Relational questions:

Relationship questions ask what type of co-variation occurs between variables of interest, is their a causal relationship, and how strong is that relationship if one exists.

Question 1

RQ: Is past performance a good indicator of future performance? Hypothesis; Students who perform well as part of initial assessment in subjects will perform better overall.

Question 2

RQ: What is the relationship between alcohol consumption and final grade for math students Hypothesis; students with lower alcohol consumption will perform better at math and Portuguese

Question 3

RQ: What is the relationship between Portuguese and Math grades? Hypothesis; students who perform well in Portuguese will perform well in Math Hypothesis; students who perform well in Math will perform well in Portuguese

Question 4

RQ: What is the relationship between having at least one parent be a stay at home parent and student performance? Hypothesis; students whose father stays at home will perform better than those whose father doesn’t Hypothesis; students whose mother stays at home will perform better than those whose mother doesn’t

Question 5

RQ: What is the relationship between past performance and future performance for students and is there a differential relationship between male and female students. Hypothesis; students who perform well during interim assessment in subjects will perform better overall. Hypothesis; Male and Female students will perform differently overall.

Question 6:

RQ: What is the relationship between extra-curricular activity and student performance for male and female students? Hypothesis; There are differences between extra-curricular activities engagement for respondents between measurements.

Potential Issues and Shortcomings

Representativeness:

The sample is not sufficient to be considered representative of the general population of students attending Portuguese Secondary Schools. To make generalised statements regarding Portuguese Secondary School Student population two necessary (though not sufficient) requirements are that the sample be big enough and representative. “Big enough” means that whatever we’re interested in investigating as part of our statistical analysis, can be found in our sample if it is present in the population.

The sample only contains data from two schools in the same region, and only a subset of students within those schools. “Representative” means that the characteristics of our sample mirrors the representation in the population in the same proportions. For example, If we are interested in rural versus urban characteristic behaviours or outcomes for people in Ireland, then we need to have a similar fraction of people in our sample from urban areas and people from rural areas that is in proportion to that which prevails in the wider population.

Validity:

Are the variables actually measuring what we think they are? The purpose of the grades in the sample dataset is to assess student capability and understanding of the core subject, but we cannot measure this directly so we must use an examination score as a proxy. Some students may be very knowledgeable but struggle with examinations or may have had issues with health on the day of the exam which otherwise impacted grades. Other students may have very little knowledge but excel at taking and passing examinations through rote memorization.

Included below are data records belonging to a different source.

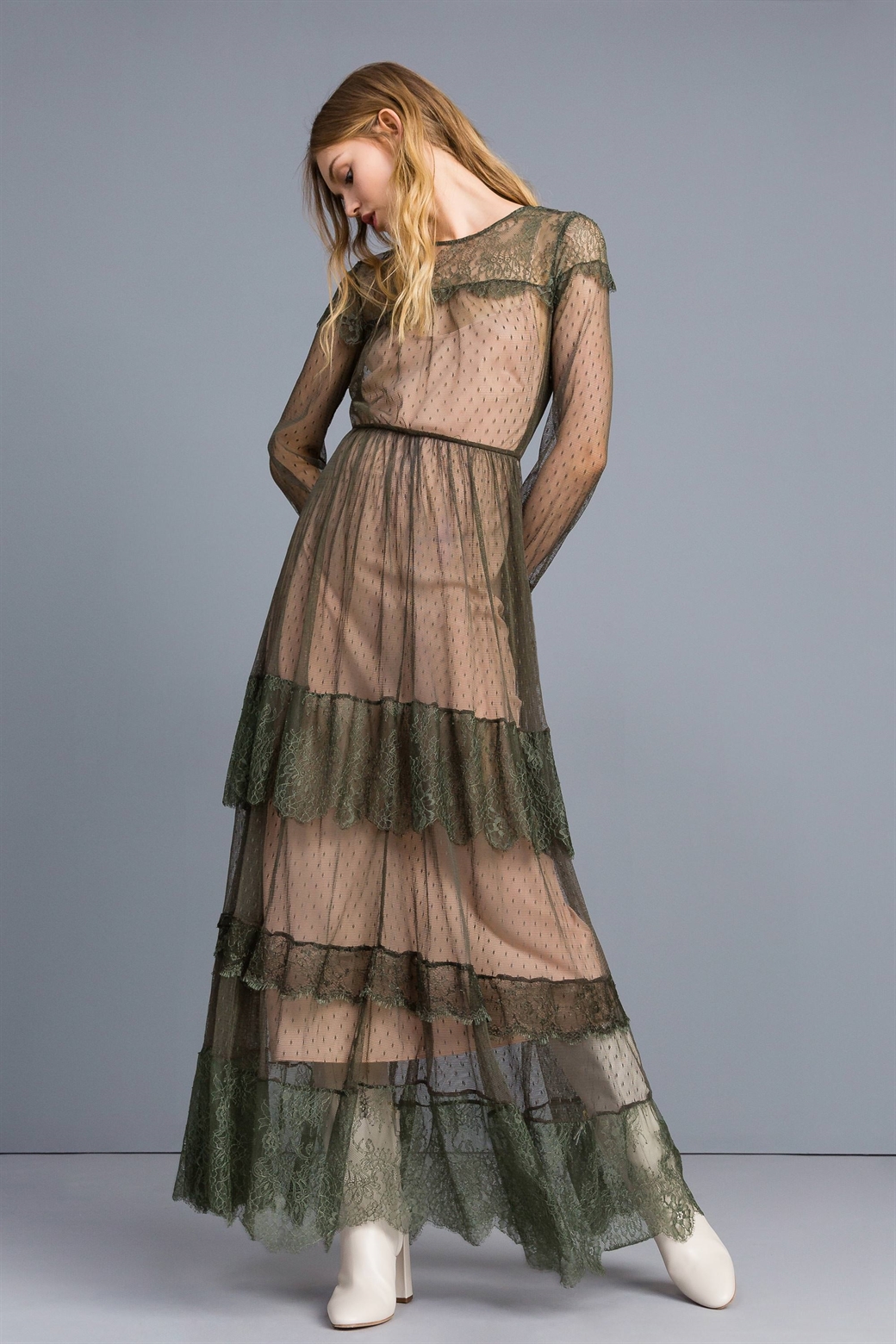 Abito lungo in tulle e pizzo Twin Set colore verde bosco collezione inverno 2018 2019 prezzo 368 euro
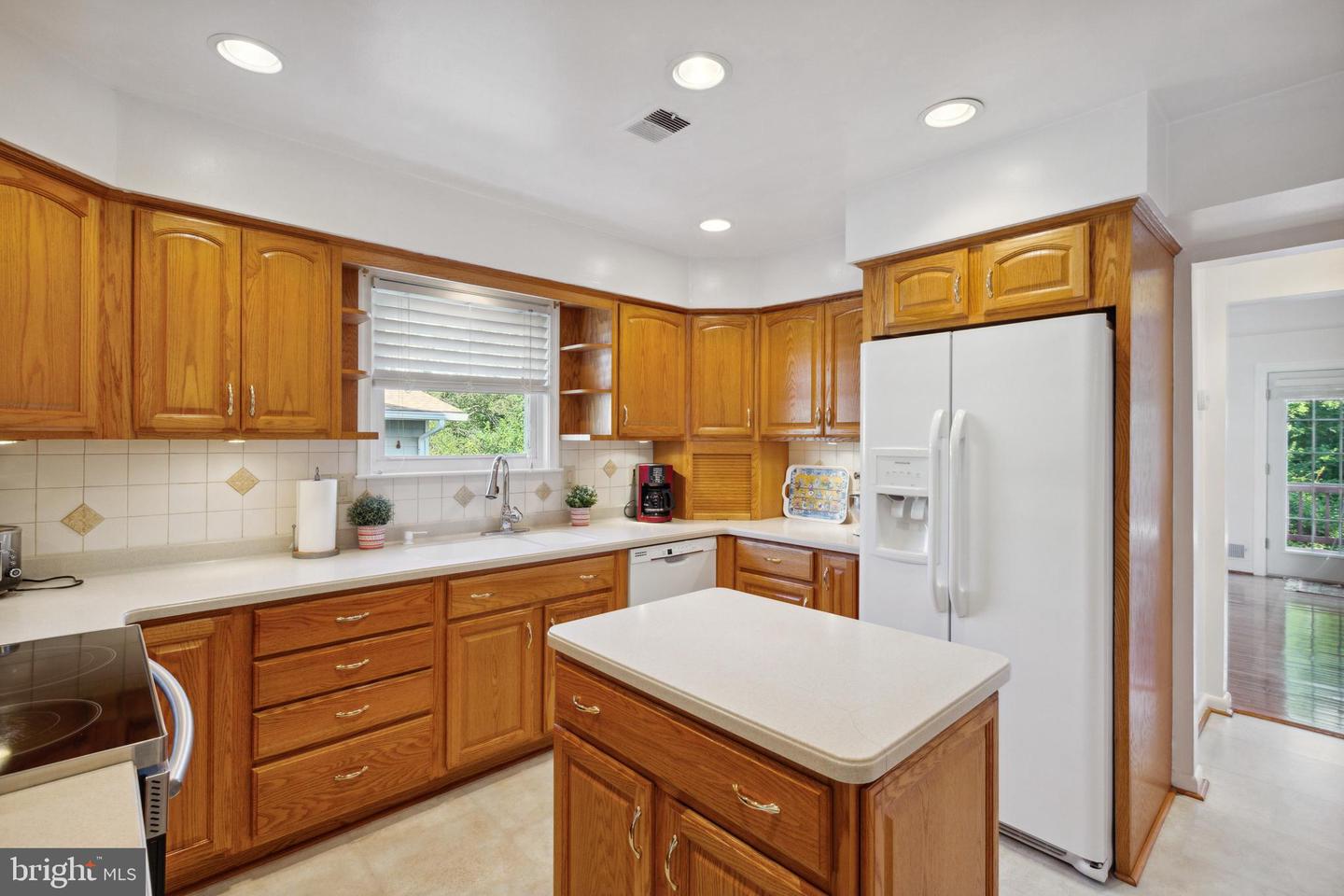 407 Hummer COURT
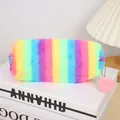 Detail van een regenboog pluche etui met zachte textuur van bont en een roze pompon - G62 Pennenetui Met Strepen Donkere Kleur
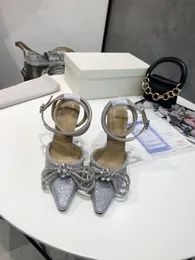 Kvinnor kl￤nningskor br￶llop kvinna h￶ga klackar stilett glitter designer sandaler pumpar kristall bowtie sp￤nne maryjane r￶da skor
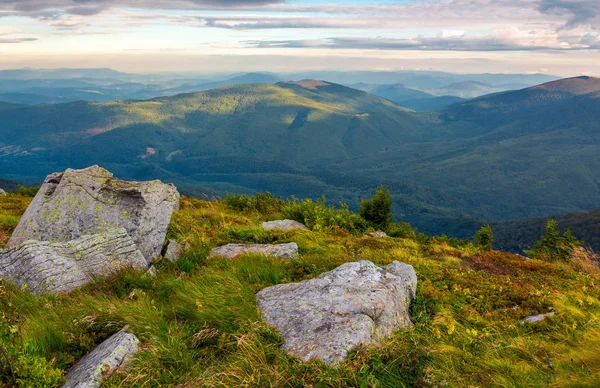 Rocas Borde Ladera Hermosa Vista Desde Montaña Runa Ucrania Nublado — Foto de Stock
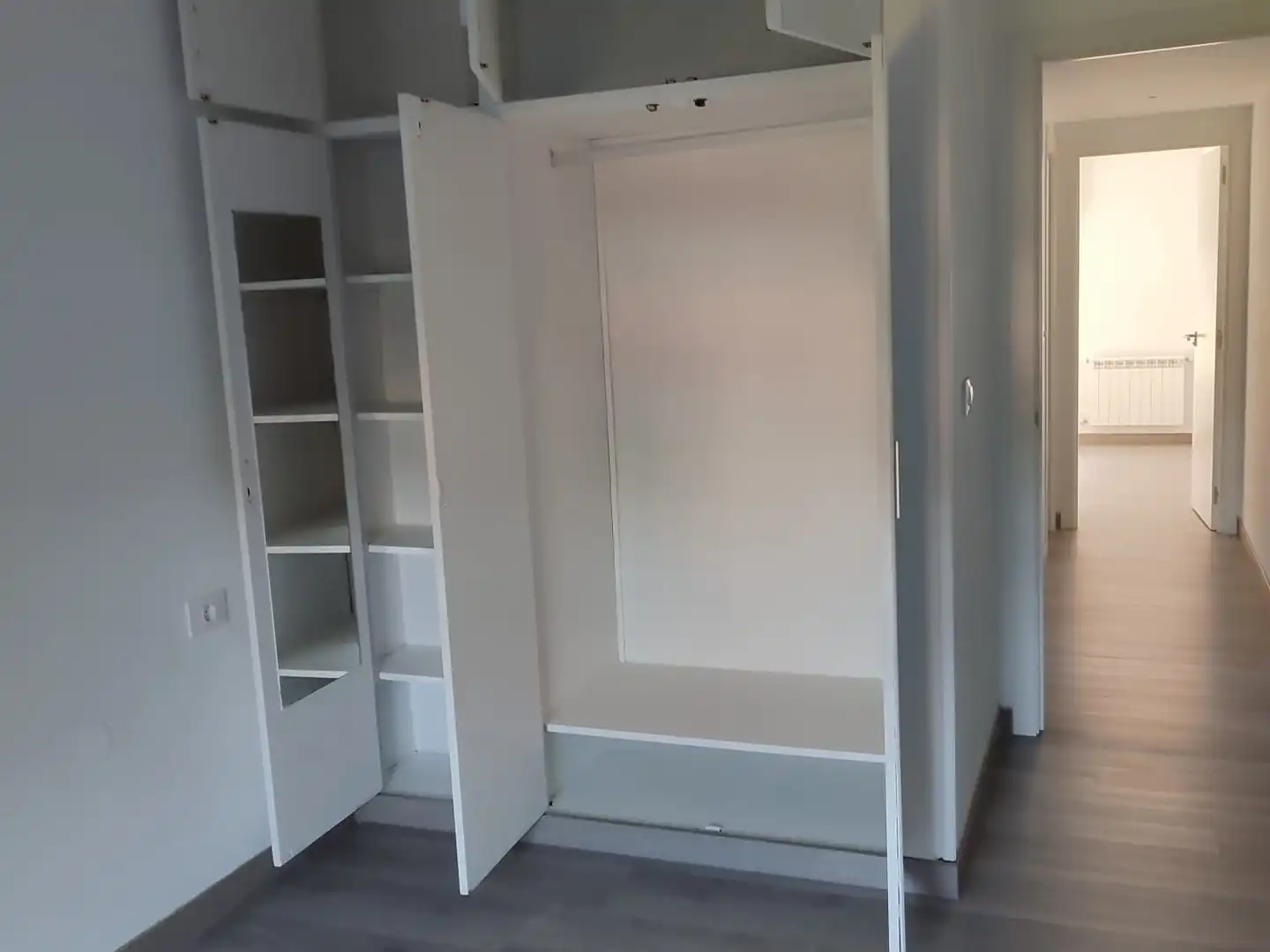 Schlafzimmer von Wohnung zur Miete in Santiago de Compostela  mit Heizung, Abstellraum und Ofen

Another form of measurement error to consider is content validity with regards the survey completed by students. For example students are asked about alcohol consumption on the weekends, the students’ concept of what high alcohol consumption levels means may differ from what the survey was designed to evaluate.

Confounding Variables:

The demographics survey asked 37 questions (some questions where later discarded) and was reviewed and tested before being rolled out fully. Nevertheless there is the potential for variables which have not been accounted for, having an impact on the student performance. By failing to account for these confounding variables we may draw incorrect conclusions from our analysis.

Accuracy of measurements:

The student grades were recorded on paper files as opposed to in an IT system. This form of manual paper-based record can be prone to errors in terms of miss-filling or miss-reporting information.